# Breadth First Search / Shortest Path

![image.png](attachment:image.png)

[Source: Wikimedia Commons](https://www.google.com/imgres?q=Breadth%20first%20search&imgurl=https%3A%2F%2Fupload.wikimedia.org%2Fwikipedia%2Fcommons%2Fb%2Fbc%2FBreadth-first-tree.png&imgrefurl=https%3A%2F%2Fcommons.wikimedia.org%2Fwiki%2FFile%3ABreadth-first-tree.png&docid=CNhKCyVHuorcHM&tbnid=Hq0fAgkJDEkF7M&vet=12ahUKEwjw0aySmPiKAxUYpIkEHc_RLIIQM3oECBkQAA..i&w=450&h=311&hcb=2&itg=1&ved=2ahUKEwjw0aySmPiKAxUYpIkEHc_RLIIQM3oECBkQAA)

Key Use-Cases:

* Shortest path in an unweighted graph.
* Checking connectivity between nodes.
* Level-order traversal of a binary tree.

High-Level Approach:

* Use a queue (FIFO) data structure.
* Mark the starting node as visited, enqueue it.
* While queue is not empty:
* Dequeue a node, process it.
* Enqueue all unvisited neighbors, mark them visited.

## Adjacency Lists
Adjacency lists are $ O(V + E) $ where $V$ is the number of vertices and $E$ is the number of edges

Best used when the graph is sparse (not all nodes are connected to each other)



In [1]:
from collections import deque

def shortest_path(graph, start, target):
    """
    graph: adjacency list {node: [neighbors]}
    start, target: nodes in the graph
    Returns the shortest path length from start to target
    """
    visited = set([start])
    queue = deque([(start, 0)])  # (node, distance)
    
    while queue:
        node, dist = queue.popleft()
        if node == target:
            return dist  # Found the shortest path
        
        for neighbor in graph[node]:
            if neighbor not in visited:
                visited.add(neighbor)
                queue.append((neighbor, dist + 1))
    
    return -1  # Target not reachable


In [3]:
def traverse_neighbor(graph, node, visited, queue, dist):
    for neighbor in graph[node]:
        if neighbor not in visited:
            visited.add(neighbor)
            queue.append((neighbor, dist + 1))

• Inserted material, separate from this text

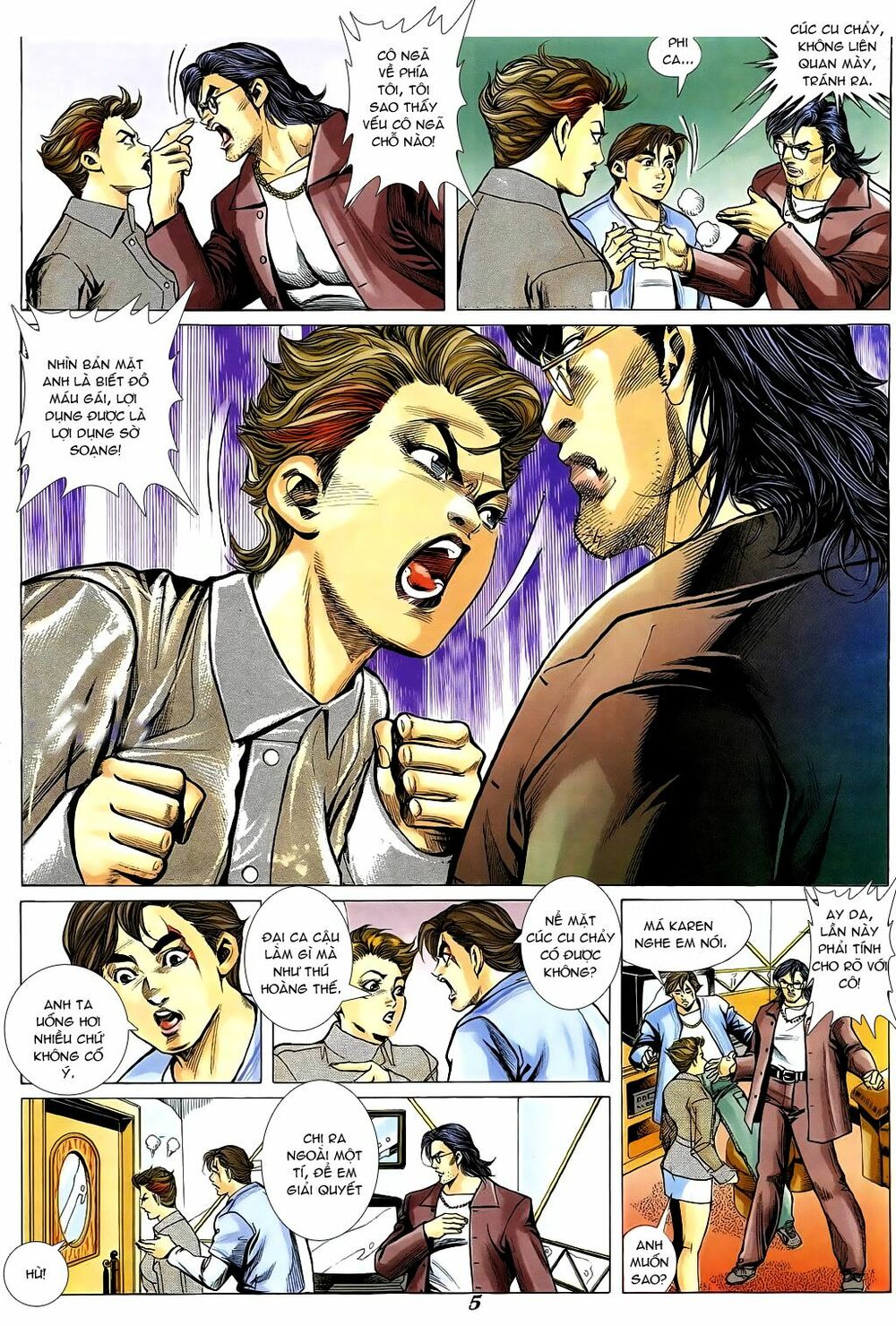 Người Trong Giang Hồ: Chapter 341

def refactored_shortest_path(graph, start, target):
    """
    graph: adjacency list {node: [neighbors]}
    start, target: nodes in the graph
    Returns the shortest path length from start to target
    """
    visited = set([start])
    queue = deque([(start, 0)])  # (node, distance)
    
    while queue:
        node, dist = queue.popleft()
        if node == target:
            return dist  # Found the shortest path
        
        traverse_neighbor(graph=graph, node=node, visited=visited, queue=queue, dist=dist)
    
    return -1  # Target not reachable

In [4]:
# Example graph represented as an adjacency list
graph = {
    'A': ['B', 'C'],
    'B': ['A', 'D', 'E'],
    'C': ['A', 'F'],
    'D': ['B'],
    'E': ['B', 'F'],
    'F': ['C', 'E']
}

# Example usage of the shortest_path function
start_node = 'A'
target_node = 'F'
path_length = shortest_path(graph, start_node, target_node)
print(f"The shortest path from {start_node} to {target_node} is {path_length} edges long.")
path_length = refactored_shortest_path(graph, start_node, target_node)
print(f"The shortest path from {start_node} to {target_node} is {path_length} edges long.")

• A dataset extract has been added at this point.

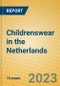 Childrenswear in the Netherlands - Product Image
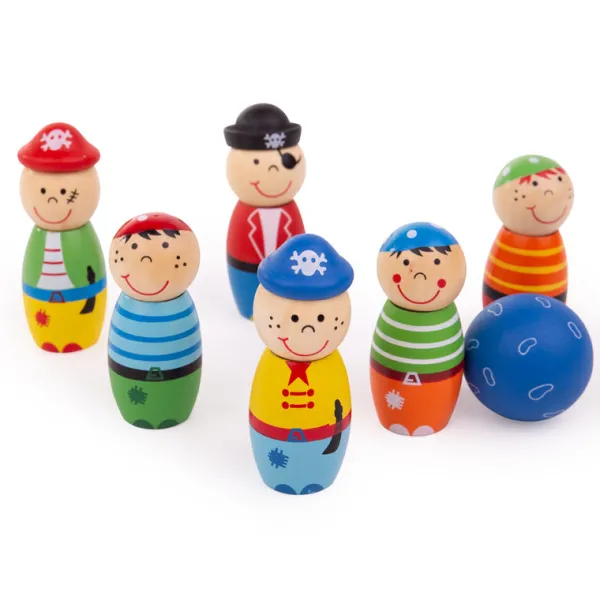 Bigjigs Toys Pirate Skittles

The shortest path from A to F is 2 edges long.
The shortest path from A to F is 2 edges long.


## Adjacency Matrices

Best used if the graph is fully connected to each node. Symmetric for undirected graphs, directed graphs are not necessarily symmetric. Can also be weighted. Better for fast lookups but bad for space.

Lookup is $O(1)$
Space complexity is $O(V^2)$

In [None]:
from collections import deque

def shortest_path_matrix(matrix, start, target):
    """
    matrix: adjacency matrix (list of lists) for an unweighted graph
    start, target: indices of the vertices in [0..V-1]
    Returns the shortest path length from start to target, or -1 if not reachable.
    """
    V = len(matrix)           # Number of vertices
    visited = set([start])
    queue = deque([(start, 0)])  # (current_node, distance_from_start)
    
    while queue:
        node, dist = queue.popleft()
        
        # If we've reached the target, return the distance
        if node == target:
            return dist
        
        # Look at every possible neighbor
        for neighbor in range(V):
            # Check if there's an edge from 'node' to 'neighbor'
            if matrix[node][neighbor] == 1 and neighbor not in visited:
                visited.add(neighbor)
                queue.append((neighbor, dist + 1))
    
    # Target wasn't found
    return -1


In [2]:
from collections import deque


def traverse_neighbors(matrix, node, neighbor, visited, queue, dist):
    # Check if there's an edge from 'node' to 'neighbor'
    if matrix[node][neighbor] == 1 and neighbor not in visited:
        visited.add(neighbor)
        queue.append((neighbor, dist + 1))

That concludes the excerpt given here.